| Instructions to follow |
Reproduce exactly, and only, the lines below from the one containing "2022 Topps UEFA" through the one containing "Hypertec 256MB RS-MMC".

| Stored data |

%%

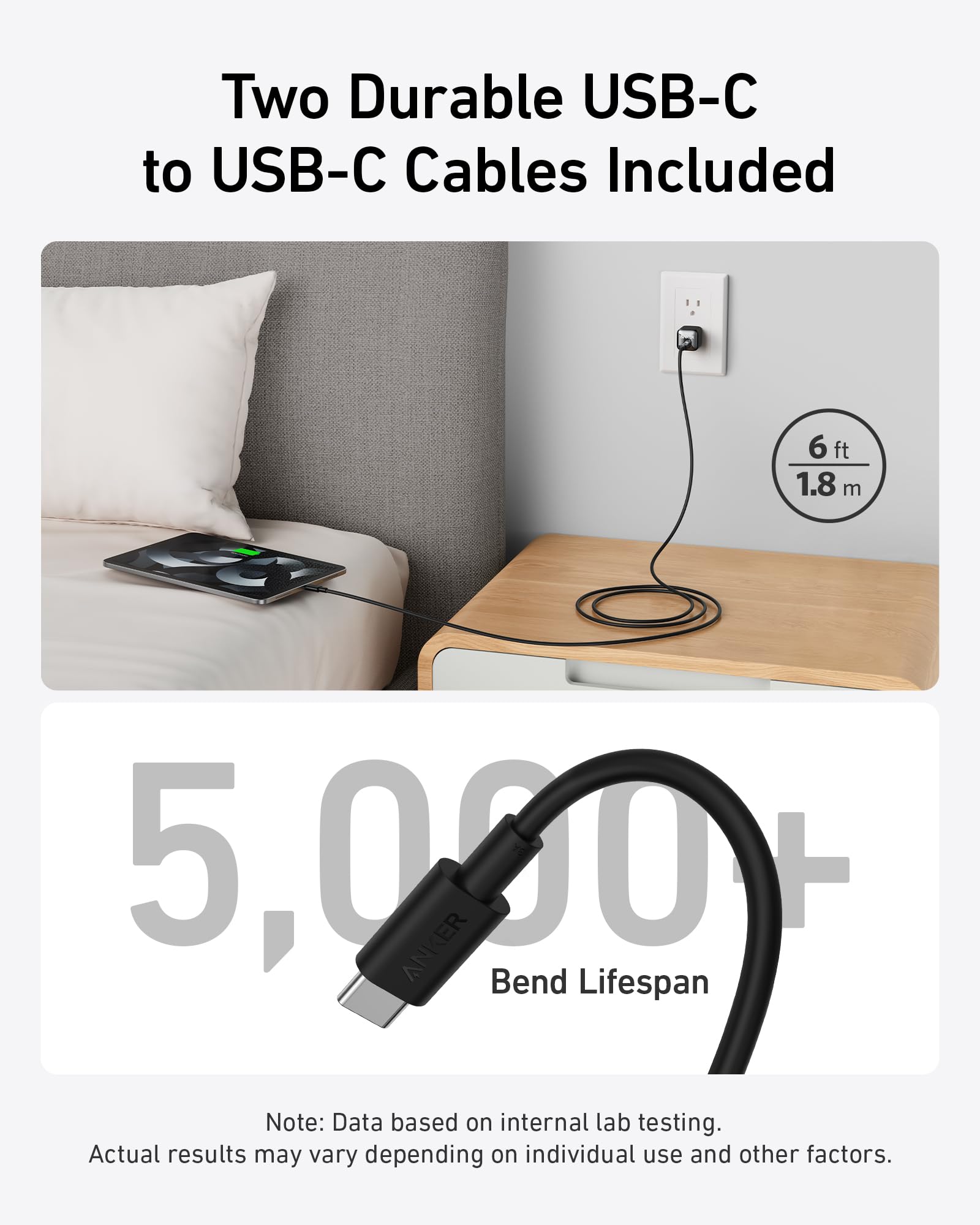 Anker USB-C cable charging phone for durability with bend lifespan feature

%%
%%

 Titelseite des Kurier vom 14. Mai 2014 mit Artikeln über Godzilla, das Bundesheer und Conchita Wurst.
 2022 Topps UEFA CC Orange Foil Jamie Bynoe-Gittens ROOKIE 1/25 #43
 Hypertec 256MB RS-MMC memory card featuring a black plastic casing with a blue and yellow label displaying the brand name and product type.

%%

| Answer |
 2022 Topps UEFA CC Orange Foil Jamie Bynoe-Gittens ROOKIE 1/25 #43
 Hypertec 256MB RS-MMC memory card featuring a black plastic casing with a blue and yellow label displaying the brand name and product type.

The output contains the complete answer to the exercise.